This article by Soeren Kern at The Brussels Journal reports on an effort by the growing Swiss Muslim community to remove the famous white cross from that country’s red flag.
An immigrant group based in Bern has called for the emblematic white cross to be removed from the Swiss national flag because as a Christian symbol it “no longer corresponds to today’s multicultural Switzerland.” Ivica Petrusic, the vice president of Second@s Plus, a lobbying group that represents mostly Muslim second-generation foreigners in Switzerland (who colloquially are known as secondos) says the group will launch a nationwide campaign in October to ask Swiss citizens to consider adopting a flag that is less offensive to Muslim immigrants.
Here we have, in a nutshell (it seems to me) Europe’s current cultural problem. They’re desperately trying to find a continental identity, and just as desperately attempting to keep their distance from the one and only thing that historically united them in a cultural sense—the Christian religion. If Europe is not identical with Western Christendom (excluding the Americas), then what in heaven’s name is it?
No one seems to have any idea.
A phenomenon I noticed in my most recent trips to Norway was what seemed to me the increasing popularity of Norwegian pennons, rather than flags. The national flag, ever since independence in 1910, has been a matter of tremendous importance to Norwegians.

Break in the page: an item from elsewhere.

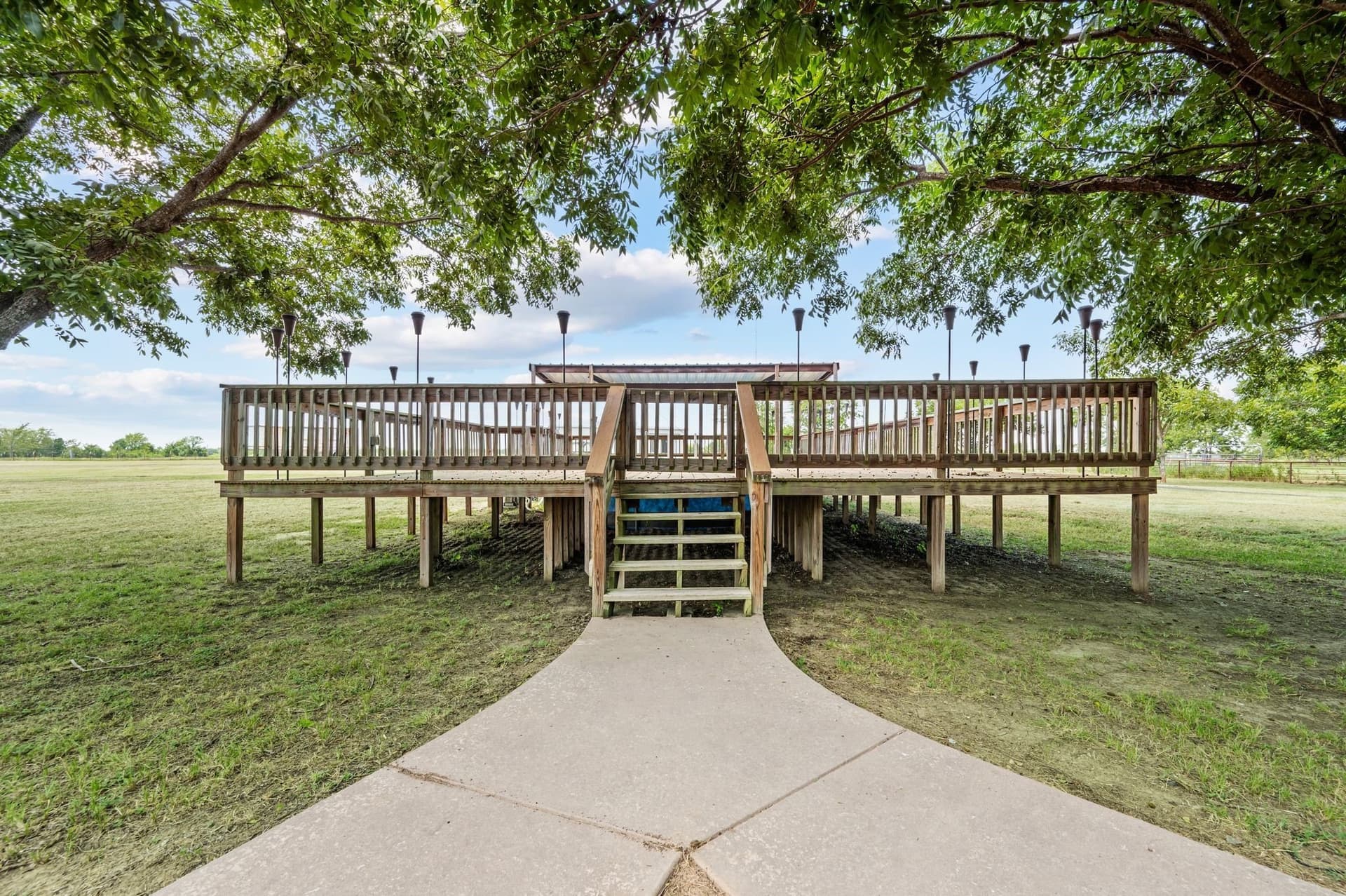 10.79 acres in Van Zandt County - photo 29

Even Norwegian Christmas trees are frequently decorated with garlands of paper flags. Norwegians fly their red, white, and blue banner at every opportunity, for birthdays, weddings, and whenever American visitors come to call.

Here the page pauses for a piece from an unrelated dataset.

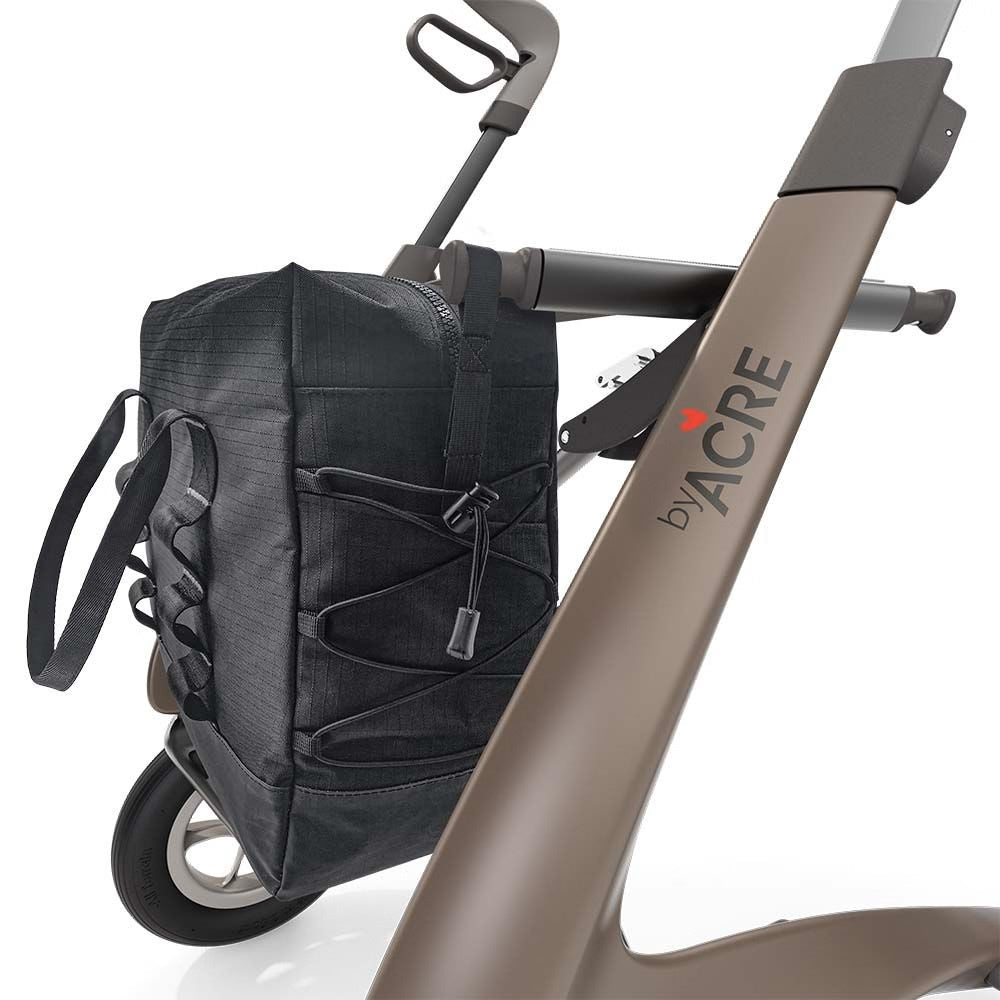 ByAcre Overland Daypack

But there’s this design problem. The Norwegian flag is a blue and white cross on a red field (like all Scandinavian flags, it gets its basic form from the Danish dannebrog, the oldest national flag in the world). And more and more Norwegians are not only indifferent, but actually hostile, to the cross and all that it implies.
So you see more and more of the pennons—triangular banners with only a horizontal blue strip, bordered with white stripes. The same colors without the religious symbol.

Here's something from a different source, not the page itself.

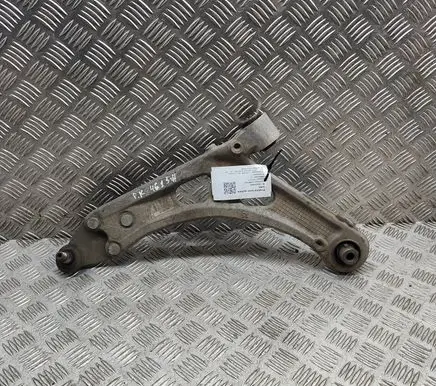 Citroen DS7 Crossback Front lower control arm/wishbone 9815014680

I asked a Norwegian relative once whether the purpose of the pennons was to avoid the cross. He said no, it was just a festive banner.
But it’s not hung like bunting. It’s flown from a flagpole, like the national flag.
Maybe it’s time to retire the crosses, after all. Nobody seems to like them anymore.
It’ll make a transitional stage, before they’re all replaced with crescents.
That particular flag always made me think of the Red Cross and St. Bernard dogs rather than Christianity….
Judging from the maps I’ve been leafing through, for a while (say, the 17th-19th Centuries) it seemed that Europe identified itself with the Roman Empire, which allowed a certain social cohesion at a time when the upper classes, at least, found it fashionable to abandon Christian faith. They couldn’t agree to follow Jesus, it seems, but they were happy to praise Cicero and carry on Rome’s mission of world conquest.
I’m happy–but surprised–to see that the Roman view of European social cohesion has been abandoned.
ChestertonianRambler, why are you happy about this abandonment of Rome as a unifying ideal? Chesterton wrote that Rome was the best that unaided humanity could do, do you disagree with him, and if so why?